小型の「核融合」、本当に10年で実現できるのか?:自然エネルギー(2/2 ページ)
米Lockheed Martin(ロッキードマーチン)は、2014年10月15日、10年以内に小型の核融合炉を実用化できると発表した。1年間で設計やテストを完了し、5年以内にプロトタイプを試作する。もしも計画通りに実現すれば、60年にわたる核融合研究において、まさにブレークスルーとなる形だ。
7カ国(地域)が協力する大規模プロジェクト
方式によっては既に1国の経済力では開発が進まない状況に入っている。最新の国際熱核融合実験炉「ITER(イーター)」プロジェクトでは日本、米国、欧州連合、ロシア、中国、韓国、インドが協力し、フランス南部、マルセイユの内陸に位置するカダラシュに実験炉を立ち上げるほどだ(図2)。運転開始は2019年を予定する。
図2はITERの完成予想図。地下2階、地上3階の建物の内部に収まっている。5階分の高さは60m。
核融合出力50万kW(500MW)、エネルギー増幅率10(出力÷入力=10)をうたうものの、いわゆる発電所ではない。実験炉とあるように、内部の水素プラズマが臨界し、自己点火することを目指した設備だ。なお、ITER以降には原型炉(発電実証炉)が必要であるものの、詳細は決まっておらず、完成は21世紀中葉だという。最終的に核融合発電所が完成する時期も明確にはなっていない。21世紀中には実現できないのではないかという主張があるほどだ。
小型化についてはそもそも目標としていない。ITERでは核融合反応を起こすドーナツ型の「炉」を中心に据えている。炉の部分だけで直径は約30mあり、重量も2000トンを優に超える。全体の寸法は図2にあるようにさらに大きい*3)。
*3) ITERでは2億度という超高温の水素プラズマを一度に800m3扱うものの、水素プラズマの質量は合計しても約1gと少ない。プラズマが非常に希薄だ。太陽中心部の温度は1500万度と「低い」が、圧力は2500億気圧に達しているため、プラズマは水の150倍以上という高密度の状態にある。
研究進むレーザー核融合
現在の核融合炉の研究開発はITERに1本化されてはいない。さまざまな方式が各地の研究機関で試みられている。いずれもDT反応を利用する点では同じだ。
複数の方式を水素プラズマの閉じ込め手法によって分類すると、大きく2つに分かれる。1つは磁場閉じ込め方式だ。ITERはトカマクと呼ばれる構造を用いてプラズマを閉じ込める。
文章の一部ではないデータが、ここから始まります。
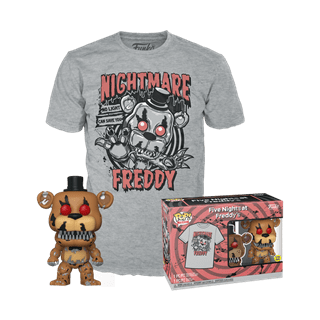 Glow In The Dark Nightmare Freddy Five Nights At Freddys FNAF Funko Pop & Tee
もう1つの方式は慣性閉じ込め方式だ。例えば、レーザー核融合である。多数のレーザーのエネルギーを1点に収束し、燃料を爆縮させて核融合反応を起こす。国内では大阪大学が、米国ではローレンス・リバモア国立研究所が研究を主導している。ローレンス・リバモア国立研究所の方式は、2014年2月に峠を1つ超えた。核融合によって生まれたエネルギーが、燃料のペレットに吸収されたレーザーのエネルギーを超えたからだ。ただし、レーザーの総エネルギーと比較すると下回っているため、発電所としてはまだ機能しない。
図3は実験に用いた燃料カプセルと格納用金属ケース(hohlraum)を示す。磁場閉じ込め型とは全く異なる課題があった。燃料カプセルは正確な位置を保つよう18K(−255度)という極低温に保たれている。